Krankheiten und Infektionen in der Kita

Wie merken Sie, dass Ihr Kind aus gesundheitlichen Gründen nicht die Kita besuchen, sondern zu Hause bleiben sollte? Welche Krankheiten erfordern welche Maßnahmen? Und welche Impfungen sind angezeigt?

Erkrankung des Kindes oder der Familien

Bei Erkrankungen und insbesondere bei Auftreten von ansteckenden Krankheiten des Kindes oder in dessen Familie, sind die Sorgeberechtigten zu umgehender Mitteilung an das Kita-Leitungsteam verpflichtet. In diesen Fällen darf das Kita-Leitungsteam verlangen, dass das Kind erst wieder die Kita besuchen darf, wenn eine ärztliche Unbedenklichkeitsbescheinigung vorliegt.

Sofern das Kind wegen Krankheit an einem bestimmten Tag oder über einen längeren Zeitraum die Kita nicht besuchen kann, ist die Leitung der Kita bis spätestens 9:00 Uhr am ersten Abwesenheitstag hierüber zu informieren.

Das Kita-Leitungsteam ist berechtigt, die Betreuung eines Kindes bei offensichtlichen Krankheitssymptomen, die der Pflege durch die Sorgeberechtigten bedürfen, abzulehnen. Falls sich dies im Laufe des Tages entwickelt, werden Sie von der Kita kontaktiert und aufgefordert, Ihr Kind abzuholen.

Hier finden Sie ein PDF der Deutschen Gesetzlichen Unfallversicherung, mit einem groben Überblick, bei welchen Beschwerden ihr Kind lieber zu Hause bleiben sollte:

Welche Krankheiten erfordern welche Maßnahmen?

In Gemeinschaftseinrichtungen wie Kitas befinden sich viele Menschen auf engem Raum. Infektionskrankheiten können sich hier besonders leicht ausbreiten. Aus diesem Grund enthält das Infektionsschutzgesetz eine Reihe von Regelungen, die dem Schutz aller Kinder und auch des Personals in Gemeinschaftseinrichtungen vor ansteckenden Krankheiten dienen.

Das Infektionsschutzgesetz schreibt vor, dass ein Kind nicht in die Kita, die Schule oder eine andere Gemeinschaftseinrichtung gehen darf, wenn es an bestimmten Infektionskrankheiten erkrankt ist oder ein entsprechender Krankheitsverdacht besteht.
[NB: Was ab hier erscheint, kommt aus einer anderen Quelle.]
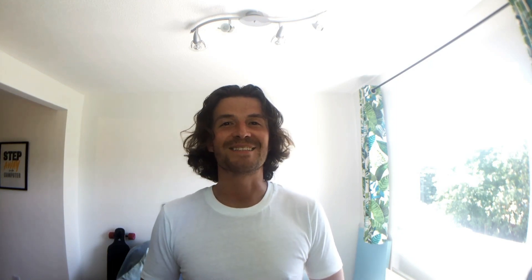V-Ray 5 comes with a brand new completely rebuilt frame buffer. The light mix and the layer compositing are the real heroes of this release but there's plenty more cool stuff to take a look at so let's get into it.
Bei einigen Infektionen ist es sogar möglich, dass Ihr Kind die Krankheitserreger nach durchgemachter Erkrankung (oder seltener: ohne selbst krank gewesen zu sein) ausscheidet. Nach dem Infektionsschutzgesetz ist deshalb vorgesehen, dass diese Kinder nur mit Zustimmung des Gesundheitsamtes und unter Beachtung der festgelegten Schutzmaßnahmen wieder in eine Gemeinschaftseinrichtung gehen dürfen. Bei manchen besonders schwerwiegenden Infektionskrankheiten muss Ihr Kind bereits dann zu Hause bleiben, wenn eine andere Person bei Ihnen im Haushalt erkrankt ist oder der Verdacht auf eine dieser Infektionskrankheiten besteht.
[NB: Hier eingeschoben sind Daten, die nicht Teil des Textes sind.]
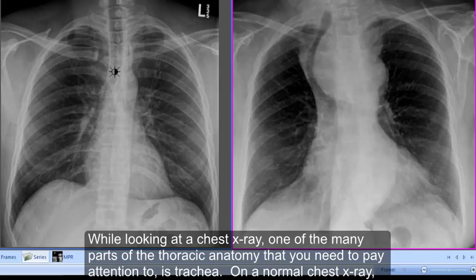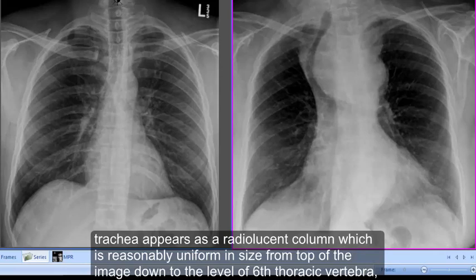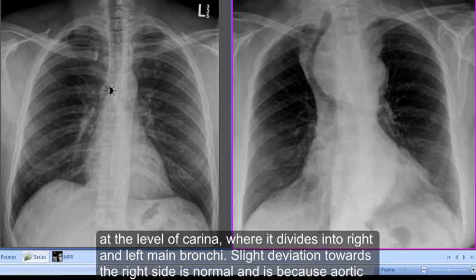On a normal chest x-ray, the trachea appears as a radiolucent column which is reasonably uniform in size from the top of the image down to the level of the sixth thoracic vertebra, at the level of the carina where it divides into the right and left main bronchi.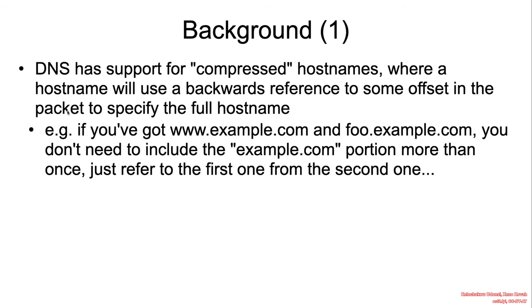The vulnerability is a heap-based buffer overflow in the DNS functionality of the Nucleus NET TCP/IP stack. Nucleus TCP/IP stack by Siemens is implemented as a component of an embedded kernel.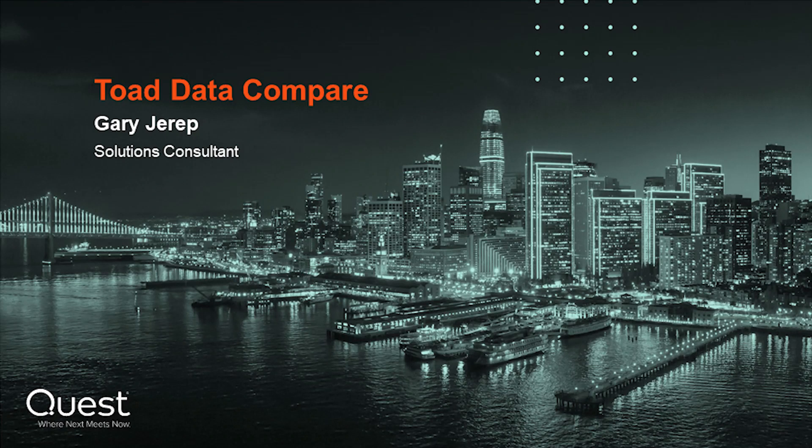Hello everyone and welcome to another Toad video demonstration. My name is Gary Jarup and I'm a Solutions Consultant for Quest Software, specializing in our database management solutions.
Natürlich müssen Sie die genannten Erkrankungen nicht selbst erkennen können. Aber Sie sollten bei einer ernsthaften Erkrankung Ihres Kindes ärztlichen Rat in Anspruch nehmen (zum Beispiel bei hohem Fieber, deutlicher Beeinträchtigung des Wohlbefindens, wiederholtem Erbrechen, Durchfällen und anderen ungewöhnlichen oder besorgniserregenden Symptomen). Ihr*e Kinderärzt*in wird Ihnen darüber Auskunft geben, ob Ihr Kind eine Erkrankung hat, die nach dem Infektionsschutzgesetz den Besuch einer Kita verbietet.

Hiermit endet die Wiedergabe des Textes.